[Python-Dev] Memory bitmaps for the Python cyclic garbage collector (original) (raw)

Tim Peters tim.peters at gmail.com
Fri Sep 8 16:00:35 EDT 2017

Previous message (by thread): [Python-Dev] Memory bitmaps for the Python cyclic garbage collector
Next message (by thread): [Python-Dev] Memory bitmaps for the Python cyclic garbage collector
Messages sorted by: [ date ] [ thread ] [ subject ] [ author ]

Python objects that participate in cyclic GC (things like lists, dicts, sets but not strings, ints and floats) have extra memory overhead. I think it is possible to mostly eliminate this overhead. Also, while the GC is running, this GC state is mutated, which destroys copy-on-write optimizations. This change would mostly fix that issue.

All objects that participate in cyclic GC have the PyTPFLAGSHAVEGC bit set in their type. That causes an extra chunk of memory to be allocated before the obrefcnt struct member. This is the PyGCHead struct. The whole object looks like this in memory (PyObject pointer is at arrow): _union gchead *gcnext; _union gchead *gcprev; Pyssizet gcrefs; --> Pyssizet obrefcnt struct typeobject *obtype; [rest of PyObject members]
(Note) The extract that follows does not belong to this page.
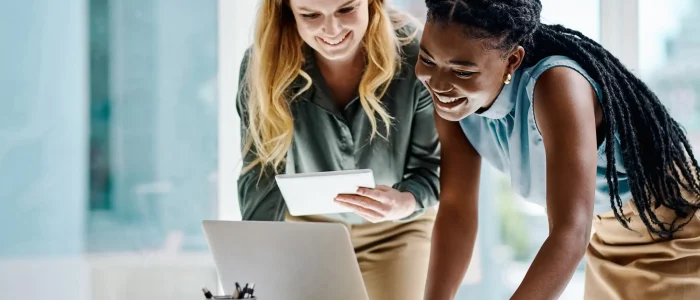 young-co-workers-looking-laptop-smiling
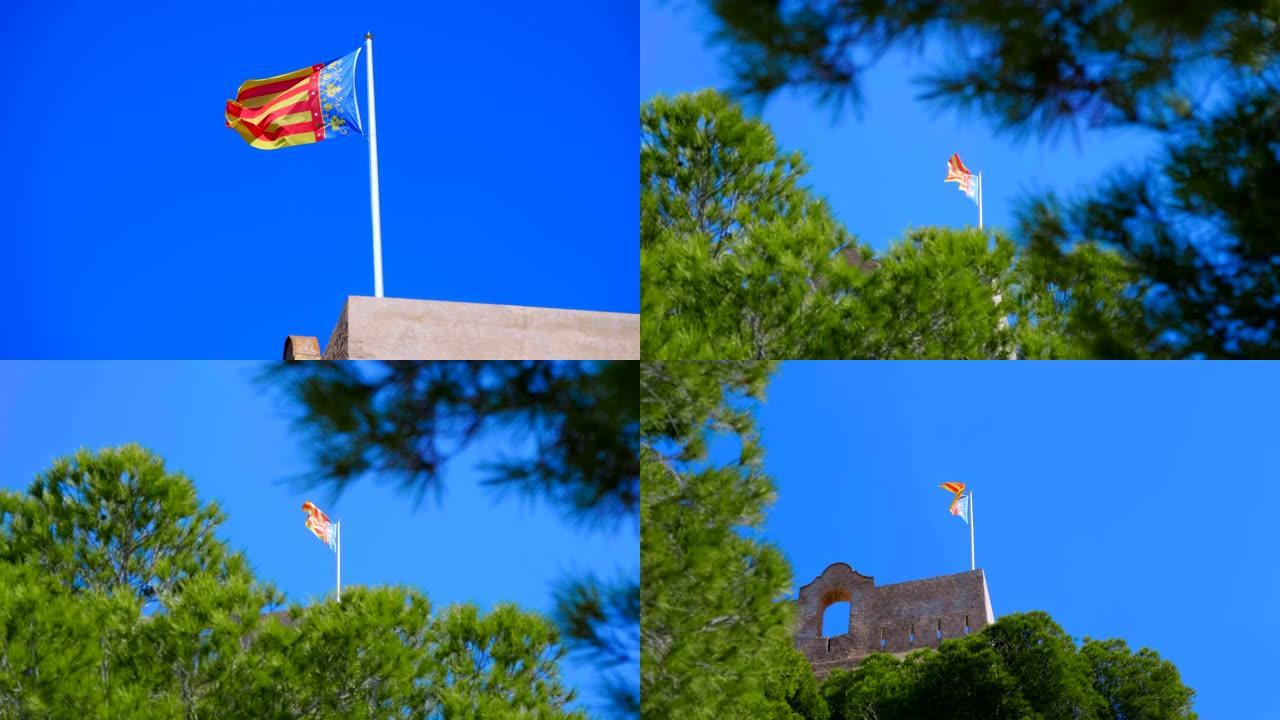 瓦伦西亚 (西班牙) 的旗帜在蓝天下飞过建筑物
So, 24 bytes of overhead on a 64-bit machine. The smallest Python object that can have a pointer to another object (e.g. a single PyObject * member) is 48 bytes. Removing PyGCHead would cut the size of these objects in half. Carl Shaprio questioned me today on why we use a double linked-list and not the memory bitmap. I think the answer is that there is no good reason. We use a double linked list only due to historical constraints that are no longer present.

Since you wrote this code to begin with, it will come back to you ;-) that the real purpose of the doubly-linked lists is to partition (not just find) the tracked objects. Between collections, they're partitioned by generation, and within a collection equivalence classes are first merged (up through the oldest generation to be scanned in this run), and then temporarily partitioned internally in various ways (based on things like whether objects turn out to be reachable from outside, and whether they have finalizers). The linked list representation makes all the required operations cheap: iteration, merging classes, moving an object from one class to another, removing an object entirely while iterating over its equivalence class. Don't know whether all that can be done efficiently with a bitmap representation instead.
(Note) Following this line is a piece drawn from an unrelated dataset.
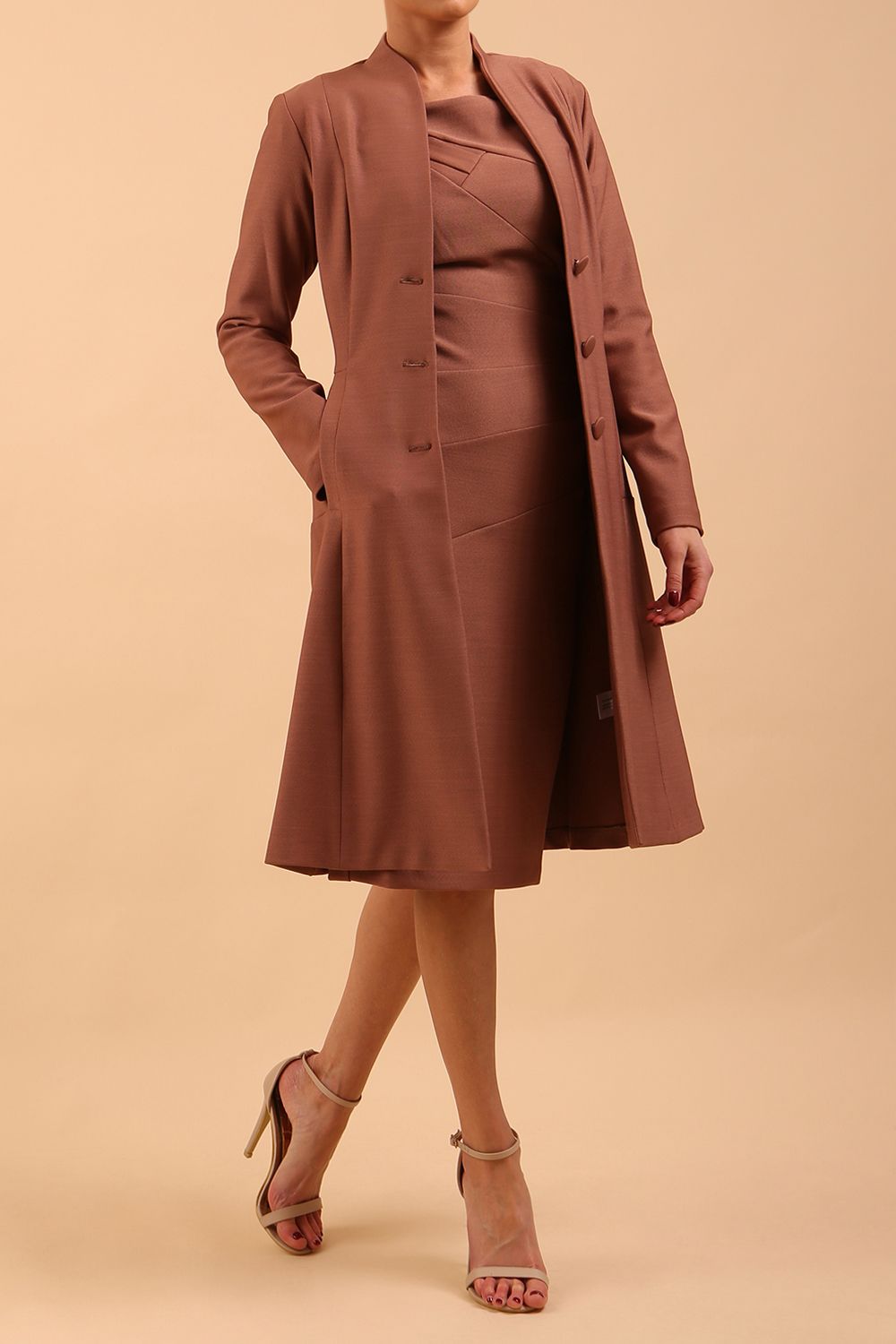  model wearing diva catwalk couture fine raquella coat with buttons across the front and long sleeves with high neck and pockets in citrus green colour front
Long ago, Python objects could be allocated using the system malloc or other memory allocators. Since we could not control the memory location, bitmaps would be inefficient. Today, we allocate all Python objects via our own function. Python objects under a certain size are allocated using our own malloc, obmalloc, and are stored in memory blocks known "arenas".

The PyGCHead struct performs three functions. First, it allows the GC to find all Python objects that will be checked for cycles (i.e. follow the linked list).

As above, the set of tracked objects is partitioned into more than one linked list.

Second, it stores a single bit of information to let the GC know if it is safe to traverse the object, set with PyObjectGCTrack().

? An object is "tracked" if and only if it appears in some doubly-linked list. There is no bit set (or cleared) for this. Untracking an object removes it entirely from whichever linked list it's in (leaving it in no linked lists), and tracking an object consists of adding it to the "generation 0" linked list. Unless the code has changed a whole lot recently.

For clarity, the top N-1 bits of gc_refs (which you cover next) are also set to a special _PyGC_REFS_UNTRACKED constant when an object is untracked:

""" /* True if the object is currently tracked by the GC. */ #define _PyObject_GC_IS_TRACKED(o)
(_PyGC_REFS(o) != _PyGC_REFS_UNTRACKED) """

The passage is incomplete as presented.